Cycling past Centraal Station on my way home was oddly calming. My brain is usually concentrated on seventeen different things and at least thirteen of them are worries. Six consistent worries, four variable worries, and three new worries I've invented just for the occasion. But as I pedaled past the train station in the great salmon stream of Dutch cyclists, dodging taxis and tourists and the occasional rogue fish, all my worries and thoughts disappeared into a soundless tunnel and my brain filled instead with "Oh shit, oh shit, oh god, here we go, I'm going to die, we're all going to die, MOTHER OF GOD, WHO DECIDED THIS WAS LEGAL?"

Then I passed the station, filled my lungs with air, and concentrated on finding the giant windmill that points my way home. No, that wasn't a lazy Dutch metaphor. There really is a giant windmill in my neighborhood. The windmill serves beer.

I'd like to say that I'm going to take my first Dutch cycling experience and use it to stop regularly tuning out the world by sticking my headphones in my ears and watching the pictures in my head rather than the road in front of me, but that's absolutely not going to happen. Instead, I'll simply try to notice when my attention is focused entirely on what I'm doing. Because that is peace - and even grace. Something I never thought I'd find on a bike in Amsterdam. Certainly not when I misjudged an angle and almost barreled over an elderly man from Bristol. Sorry, dude.
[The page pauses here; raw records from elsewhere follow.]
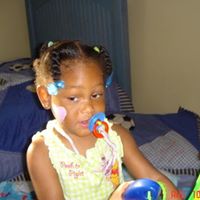 Claire Lawrence Photo 1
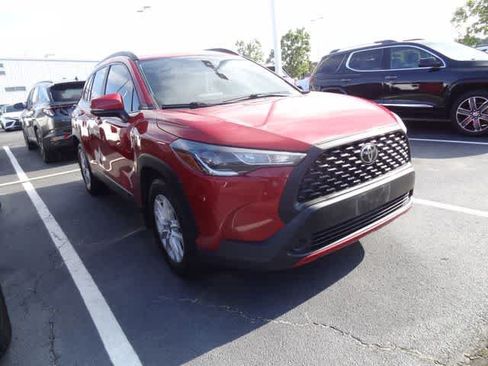 Used 2022 Toyota Corolla Cross LE FWD image 3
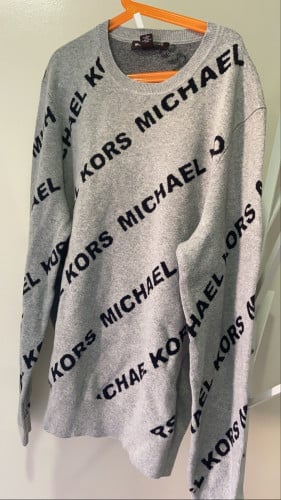 بلوزة نسائي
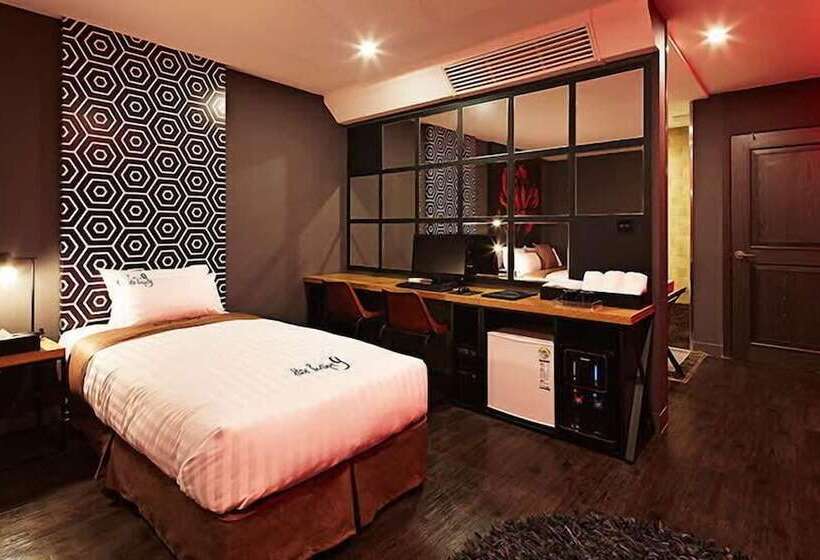 اتاق لوکس, Boutique 9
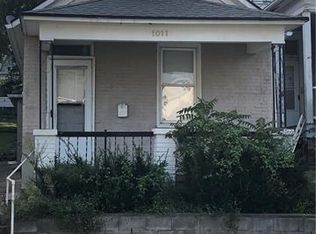 1011 S 11th St, Saint Joseph, MO 64503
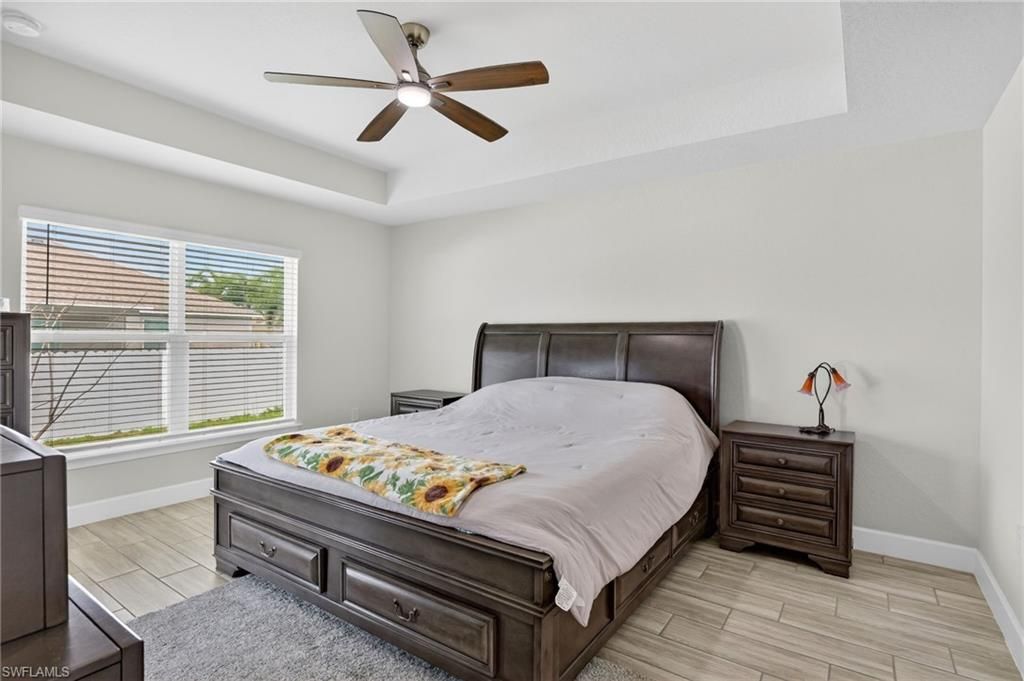 Image 17 of property listing at 2729 5th TER, Cape Coral, FL 33993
Enjoy your stay.

photo (54)
photo (54)

Given my totally justified fear of bicycle-related death, taking this picture was probably a dumb idea.

How I Accidentally Ended Up in Amsterdam

If you're wondering about the likelihood of ending up in Amsterdam by accident, let me say that if it was possible to take a wrong turn somewhere in Northern California and end up in the Netherlands, I would've done it. I wasn't planning to go to Amsterdam. Yet here I am. Because life enjoys veering seven degrees to the left and often the thing you didn't plan turns out much better than anything you would've planned and that's saying something because you consider yourself a rather impeccable planner, even though it sounds suspiciously like boasting when typed out like this. YES, I'M A TOTAL BRAGGART. IT'S FINE.

Before I left for Costa Rica, I mentioned Amsterdam in a post. Because it was the first city that occurred to me when I needed a random location to end a sentence. Ten minutes later, I got an email from Nicolien saying that she had an apartment in Amsterdam and she was going to Serbia for a month and would I like to come to Holland and watch her cats while she was gone? WHY, YES. YES, I WOULD LIKE TO LIVE IN YOUR AMSTERDAM APARTMENT WITH YOUR CATS.

If you've ever wondered if a blog can wield some serious juju, let me assure you that it can. Make a joke about Amsterdam, end up living there for a month. I think we should all try to maximize whatever wordpress magic lives here. Ahem.

I WOULD LIKE AN APARTMENT IN NEW YORK THIS FALL, TWENTY THOUSAND DOLLARS, AND A STUFFED PANDA. I MEAN, A REAL PANDA WOULD BE AWESOME BUT I BET THOSE THINGS EAT A LOT AND FEEDING BAMBOO TO A GIANT BEAR EVERY DAY SOUNDS LIKE A HASSLE.

Now it's your turn! What would you like the blog genie to bring you? Leave it in the comments. May I suggest using the caps lock key? Everything works better in caps lock.

(I'll keep you posted on whether or not the universe coughs up any pandas or New York apartments.)

So I'm in Amsterdam for a month, staying in a lovely little apartment with two cats.

photo (50)
photo (50)

Amstercat

My first full day here, Nicolien and her husband took me around the city. We walked past canals and wolfed down a huge pot of cheese fondue and I drank more beer in a day than I've had in the past year. It's a beautiful city, especially in the rare July sun. Every so often, we'd pass a building that pitched forward, as if it was straining to catch up with time. But they never fall, the houses just hover a few feet in front of their neighbors, like they can't wait to find out what's next. I know how they feel.